### [YOUR OBJECTIVE]
For the records below, print the lines from the line with "a kitchen with" through the line with "Bird-X Extra Wide" exactly as written; include both end lines and exclude the rest.

### [MATERIALS PROVIDED]
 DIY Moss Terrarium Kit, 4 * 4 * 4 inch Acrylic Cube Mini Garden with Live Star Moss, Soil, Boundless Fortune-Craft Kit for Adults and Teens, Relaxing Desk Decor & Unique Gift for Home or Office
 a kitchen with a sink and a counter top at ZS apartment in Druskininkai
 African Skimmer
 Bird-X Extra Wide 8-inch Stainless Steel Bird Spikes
...
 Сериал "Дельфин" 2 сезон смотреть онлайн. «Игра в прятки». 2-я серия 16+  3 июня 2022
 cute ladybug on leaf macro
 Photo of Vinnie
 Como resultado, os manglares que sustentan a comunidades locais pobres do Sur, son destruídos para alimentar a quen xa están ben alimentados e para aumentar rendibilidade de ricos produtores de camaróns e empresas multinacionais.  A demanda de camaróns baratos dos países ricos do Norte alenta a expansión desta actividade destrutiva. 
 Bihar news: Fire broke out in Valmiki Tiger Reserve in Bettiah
==
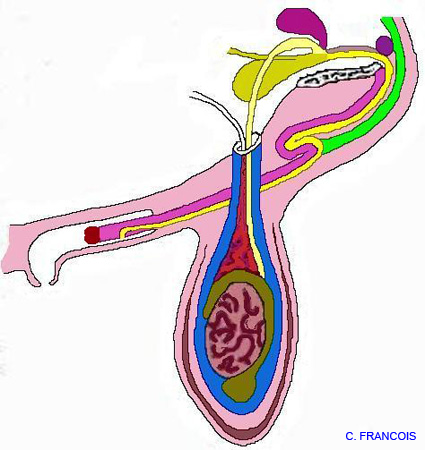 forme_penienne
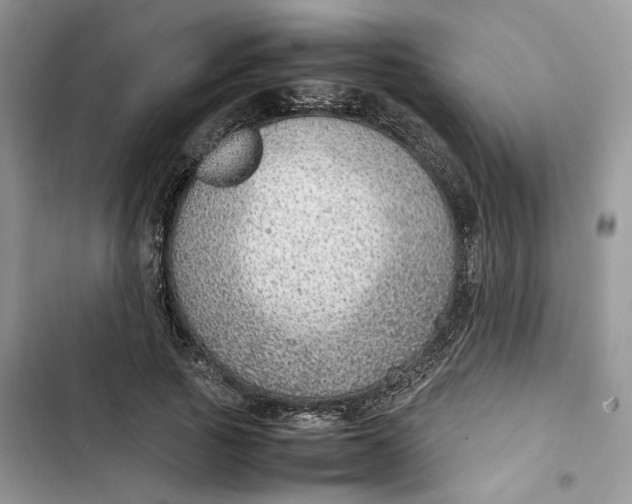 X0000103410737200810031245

### [EXPECTED ANSWER]
 a kitchen with a sink and a counter top at ZS apartment in Druskininkai
 African Skimmer
 Bird-X Extra Wide 8-inch Stainless Steel Bird Spikes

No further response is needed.